So anyway, I put on this favorite Elton album of mine of which I wore the grooves off of the original in May of 1975 when it came out—"Someone Saved My Life Tonite" was unavoidable radio fodder back then. I know every single lyric and lick on this thing from top to bottom, and even Elton admits it's his best album he ever made…with the cover so acid-trippy that it rivals the best of Funkadelic's Cosmic Slop (mad props to Alan Aldridge—your visual imagery skills can hang with Pedro Bell).

I totally had to wait for my wife to leave for work before I put this one on the turntable. After the jingly-jangly intro of the title track, I swear my mind went straight to the days of putting a penny on the tonearm head and tucked underneath the rubber band (what black kid didn't do that?). Things got raunchy quickly when the chorus kicked in, and the first thing I noticed was all the beautiful three-layered blend of acoustic steel string, mandolin, and banjo textures in the background right before the second verse. I also heard a lot clearer riffs from unbelievable crunchy chord work of Davey Johnstone by the time the song was over. Now I'm crankin' up to '45' when "Tower of Babel" comes on, and I can't wait to hear Davey Boy's bad-ass slinky guitar solo. I remember hearing so many pops and crackles on my original platter, but there's absolutely none of that here—total black background, such a low noise floor it is! The flanged-out piano part contrasted starkly with the deliberately cheesy thin-fuzz guitar during "Bitter Fingers," but when the snare pops and that fat floor tom thumps on Nigel Olsson's drum set, oooh it's delicious. And when Dee Murray does that killer walking bass line during the 'outro' chorus, it's just, well…fantastic, Captain! The funky kick-flanged double-tracked drum sound on "Better Off Dead" is just tremendous—not to mention the stacked and harmonized vocal "oohs and ahhhs" that follow. These Daedalus Athena v.2 speakers are really earning their pay now! The high-energy rush was followed by a percolating, pingy, percussive track of triangle, shaker and bongos on "Writing," a genius move to calm the waters of the previous track.

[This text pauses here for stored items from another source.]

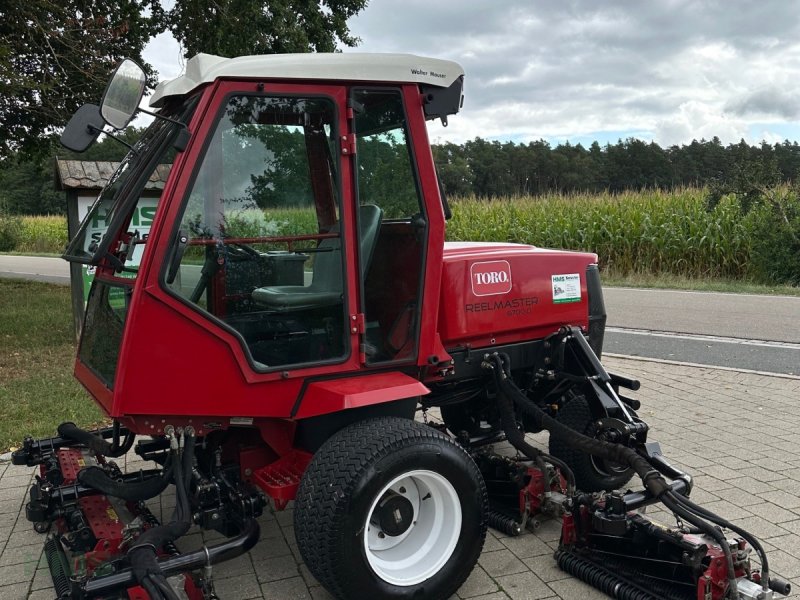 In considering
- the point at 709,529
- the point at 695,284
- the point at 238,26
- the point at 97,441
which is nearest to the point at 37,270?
the point at 238,26

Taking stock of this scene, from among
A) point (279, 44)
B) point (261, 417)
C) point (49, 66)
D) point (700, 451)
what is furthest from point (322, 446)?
point (279, 44)

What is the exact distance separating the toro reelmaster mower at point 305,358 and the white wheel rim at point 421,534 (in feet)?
0.04

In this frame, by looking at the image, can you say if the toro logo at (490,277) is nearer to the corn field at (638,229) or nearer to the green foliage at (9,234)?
the corn field at (638,229)

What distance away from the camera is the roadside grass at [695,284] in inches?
531

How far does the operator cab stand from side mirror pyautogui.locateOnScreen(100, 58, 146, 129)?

Oh, you know the one—the stereo that literally had an LP cove, bar, radio, 8-Track tape player, and a quarter-inch output jack that allowed you even to plug in and play along, or just use the stereo speakers to as an amplifier? This thing was magnificent! My oldest sister bought it for my mother's 36th birthday in September 1971.

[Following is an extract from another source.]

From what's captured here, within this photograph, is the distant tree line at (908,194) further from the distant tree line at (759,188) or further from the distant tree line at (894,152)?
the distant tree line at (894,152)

This beautiful beast cost my sister Varnetta $500, which, for us, was a fortune back then. But because of her, I learned how to listen to music on that indestructible unit which still sits in our South Side living room. I also taught myself how to jam along with any and every song that popped up on the radio for endless hours at a time, which developed the guitar chops I still have to this very day. I also had my first set of Realistic brand headphones—those huge canisters on my ears, listening to my dad's 8-Track tapes and scratchy LPs of Muddy Waters, Howlin Wolf, and so many more. I'm pretty sure, though, that it wasn't me that blew that speaker… (was it?)

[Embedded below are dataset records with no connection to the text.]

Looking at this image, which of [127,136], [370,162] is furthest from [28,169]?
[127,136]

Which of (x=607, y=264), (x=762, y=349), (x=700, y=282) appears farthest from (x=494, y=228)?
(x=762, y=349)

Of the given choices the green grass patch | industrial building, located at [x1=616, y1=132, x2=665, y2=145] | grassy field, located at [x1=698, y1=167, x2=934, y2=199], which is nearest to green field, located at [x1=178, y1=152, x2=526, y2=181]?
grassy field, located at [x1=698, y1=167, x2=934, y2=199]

By the way, one of the real reasons This Elton John album sounds so damn good is because it was recorded at Caribou Ranch in Colorado—engineered by Jeff and Mark Guercio, who were the younger brothers of James William Guercio. James is the man who was producer/manager and created the legacy of the band Chicago, and built that studio from his millions he made as the visionary investor who bankrolled that band's vinyl journey. He used a Neve mixing board that they'd snagged from George Martin—how could they miss? This pairing of items that make up this stereo system really excels in featuring the extreme highs and tight harmonies that could have only been executed in the thin-air, high-altitude conditions that are unique of Nederland, Colorado. This is, in fact, a condition which Guercio and cohorts were fully aware and took complete advantage of—Elton used Davey, Dee and Nigel on the upper-register stuff to the fullest extent for this last track, "Scarecrow." It literally has to be heard to be believed, and there's no auto-tune or pitch manipulation going on here—that crap didn't exist then. Trust me when I say that this stereo system was built for historic moments like this!